By Annie Burrows
I loved The Guernsey Literary and Potato Peel Pie Society so much! It is the sweetest, funniest story you will ever read about an isolated community trying to recover from Nazi occupation in WWII.
When I saw that one of the authors had written a second book, also set in a small community and character-focused, I was immediately engaged. And it is super engaging! It just isn’t quite so sweet and funny. (I may have cried multiple times when reading it late at night.)
It is significantly longer, with a much larger cast of characters, just about all of whom I grew to care about, even as they got tangled into conflicts that cannot end satisfactorily for them all. Ostensibly it is about a small town trying to recover from World War I, the Great Depression, the downfall of the factory that employed most of the citizens, and the anti-union movement.
The novel cycles around the family that used to own the factory, but is now falling to ruin along with the rest of the town.

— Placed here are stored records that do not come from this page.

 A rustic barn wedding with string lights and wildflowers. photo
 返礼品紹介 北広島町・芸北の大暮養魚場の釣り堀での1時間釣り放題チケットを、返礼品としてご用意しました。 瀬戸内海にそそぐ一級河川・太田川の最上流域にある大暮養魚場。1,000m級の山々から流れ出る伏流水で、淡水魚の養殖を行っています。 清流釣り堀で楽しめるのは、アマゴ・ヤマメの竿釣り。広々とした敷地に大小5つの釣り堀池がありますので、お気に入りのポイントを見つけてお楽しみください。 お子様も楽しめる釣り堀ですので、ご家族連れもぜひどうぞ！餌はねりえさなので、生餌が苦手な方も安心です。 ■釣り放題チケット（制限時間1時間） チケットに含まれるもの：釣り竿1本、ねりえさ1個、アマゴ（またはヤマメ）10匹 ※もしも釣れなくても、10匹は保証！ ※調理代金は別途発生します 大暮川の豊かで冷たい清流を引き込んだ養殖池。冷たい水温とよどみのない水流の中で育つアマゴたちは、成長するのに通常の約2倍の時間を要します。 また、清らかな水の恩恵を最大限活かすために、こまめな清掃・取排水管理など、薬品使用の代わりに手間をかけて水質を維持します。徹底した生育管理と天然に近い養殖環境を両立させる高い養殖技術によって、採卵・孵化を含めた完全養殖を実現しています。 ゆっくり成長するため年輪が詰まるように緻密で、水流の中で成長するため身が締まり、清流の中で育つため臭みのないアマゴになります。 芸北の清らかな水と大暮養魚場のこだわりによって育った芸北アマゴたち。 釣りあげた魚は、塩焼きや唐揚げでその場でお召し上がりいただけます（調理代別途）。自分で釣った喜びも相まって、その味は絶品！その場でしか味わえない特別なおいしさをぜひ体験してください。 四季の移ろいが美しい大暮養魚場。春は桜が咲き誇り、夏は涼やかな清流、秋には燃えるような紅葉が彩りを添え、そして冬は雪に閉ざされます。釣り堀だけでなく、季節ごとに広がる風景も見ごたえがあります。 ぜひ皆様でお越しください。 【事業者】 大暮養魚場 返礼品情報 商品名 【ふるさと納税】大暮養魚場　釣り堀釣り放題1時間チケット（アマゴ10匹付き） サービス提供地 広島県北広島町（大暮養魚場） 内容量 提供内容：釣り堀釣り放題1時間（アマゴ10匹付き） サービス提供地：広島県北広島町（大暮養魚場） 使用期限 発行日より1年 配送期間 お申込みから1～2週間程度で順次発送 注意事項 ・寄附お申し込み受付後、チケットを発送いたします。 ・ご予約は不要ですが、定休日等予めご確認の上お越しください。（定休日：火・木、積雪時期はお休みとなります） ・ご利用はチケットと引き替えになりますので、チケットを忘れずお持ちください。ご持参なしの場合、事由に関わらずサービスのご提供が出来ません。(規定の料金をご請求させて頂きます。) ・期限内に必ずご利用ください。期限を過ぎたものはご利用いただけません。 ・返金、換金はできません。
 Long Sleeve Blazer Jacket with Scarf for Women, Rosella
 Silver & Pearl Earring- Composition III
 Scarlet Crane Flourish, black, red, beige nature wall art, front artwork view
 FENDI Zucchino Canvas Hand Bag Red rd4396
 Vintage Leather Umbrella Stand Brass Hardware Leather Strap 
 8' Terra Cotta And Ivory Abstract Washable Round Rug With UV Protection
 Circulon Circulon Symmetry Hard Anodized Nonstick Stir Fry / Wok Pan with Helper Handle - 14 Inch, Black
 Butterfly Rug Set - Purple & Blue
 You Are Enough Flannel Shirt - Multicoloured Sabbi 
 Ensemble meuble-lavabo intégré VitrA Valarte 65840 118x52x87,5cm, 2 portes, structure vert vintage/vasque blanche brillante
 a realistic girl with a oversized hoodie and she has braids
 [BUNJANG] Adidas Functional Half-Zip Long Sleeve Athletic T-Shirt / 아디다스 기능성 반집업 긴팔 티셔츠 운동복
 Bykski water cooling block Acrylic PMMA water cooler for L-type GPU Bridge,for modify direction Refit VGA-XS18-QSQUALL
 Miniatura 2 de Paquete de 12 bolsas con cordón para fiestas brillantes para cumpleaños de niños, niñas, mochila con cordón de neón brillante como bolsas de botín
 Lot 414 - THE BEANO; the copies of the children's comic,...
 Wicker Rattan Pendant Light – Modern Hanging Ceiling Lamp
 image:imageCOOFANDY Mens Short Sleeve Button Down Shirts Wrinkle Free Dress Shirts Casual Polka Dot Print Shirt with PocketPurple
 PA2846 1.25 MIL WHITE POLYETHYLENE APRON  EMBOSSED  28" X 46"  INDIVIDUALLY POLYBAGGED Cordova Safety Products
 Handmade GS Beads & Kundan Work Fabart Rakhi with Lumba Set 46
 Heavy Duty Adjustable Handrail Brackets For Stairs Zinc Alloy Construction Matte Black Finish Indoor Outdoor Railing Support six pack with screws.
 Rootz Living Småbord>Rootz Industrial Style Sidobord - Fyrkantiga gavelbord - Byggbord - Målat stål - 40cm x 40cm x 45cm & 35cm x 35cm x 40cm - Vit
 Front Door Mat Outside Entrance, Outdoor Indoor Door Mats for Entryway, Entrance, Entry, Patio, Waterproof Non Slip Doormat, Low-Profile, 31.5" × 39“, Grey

Much of the story is told through one of the very young daughters in the family, trying to make sense of it, and in that narrative, it is a bit of a coming-of-age story. From the older generation, it is more of a story of laying ghosts to rest and moving on. A significant chunk, though, is also told from the outside perspective of a wealthy young woman sent to write a pamphlet about the town, as part of the Federal Writers Project, who almost immediately blunders through the various small-town quarrels due to ignorance, and it is a coming-of-age story for her, too, though a more serious one.
It is just a huge mess of family loyalty and betrayal and forgiveness, and the different types of relationships we have with the different people in our lives, and I’m just in awe that the author was able to fit it all into one (long) book!